Work to be completed
Copy only those lines which run from the line containing "Standard Zip Jogger - Olive" to the end of the entries below, both inclusive, exactly as written and with no pictures.

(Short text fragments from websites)
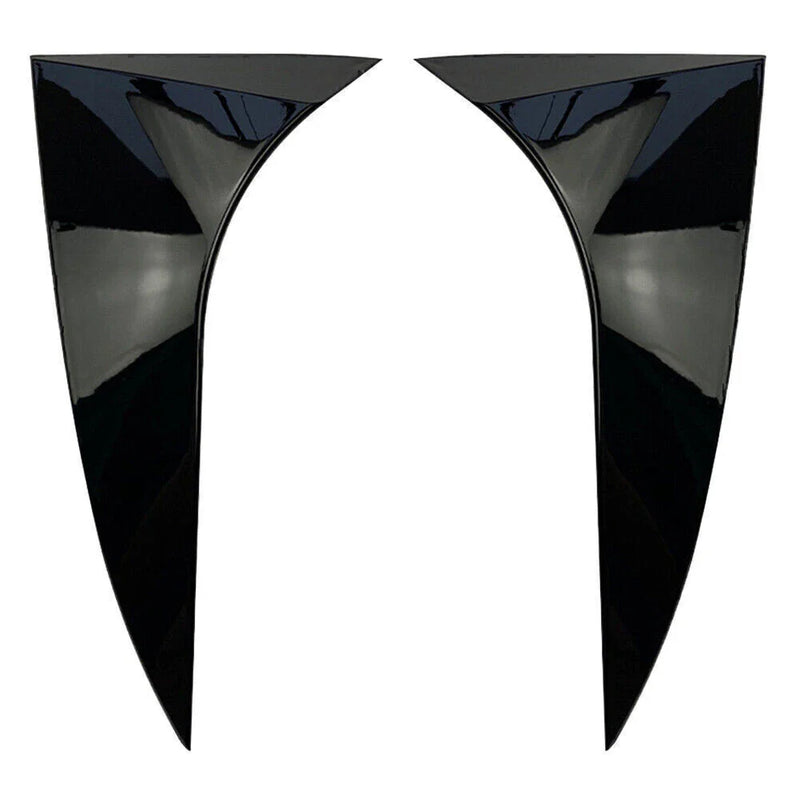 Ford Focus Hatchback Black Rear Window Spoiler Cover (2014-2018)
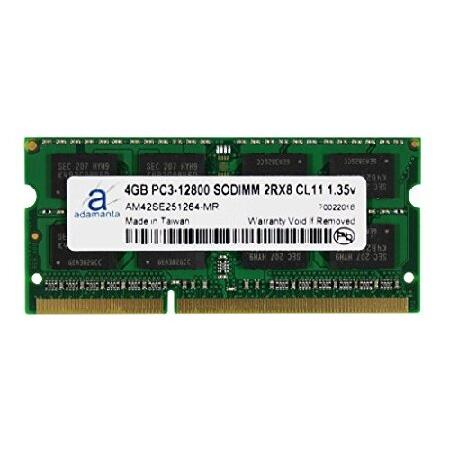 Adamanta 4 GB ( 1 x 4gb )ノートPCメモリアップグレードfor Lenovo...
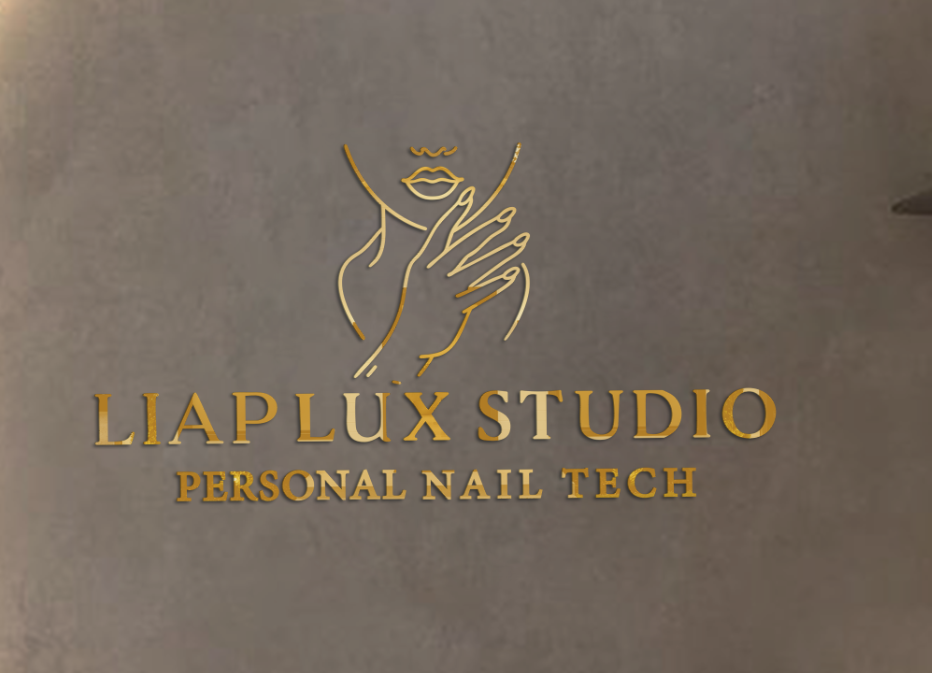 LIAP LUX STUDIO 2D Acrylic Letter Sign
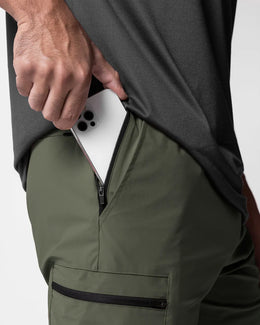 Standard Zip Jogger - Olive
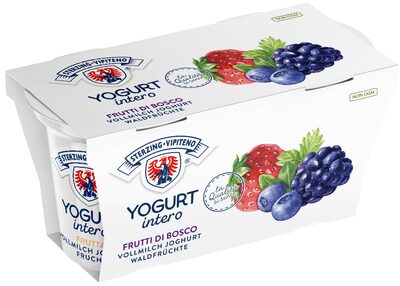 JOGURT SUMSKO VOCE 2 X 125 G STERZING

Response area
 Standard Zip Jogger - Olive
 JOGURT SUMSKO VOCE 2 X 125 G STERZING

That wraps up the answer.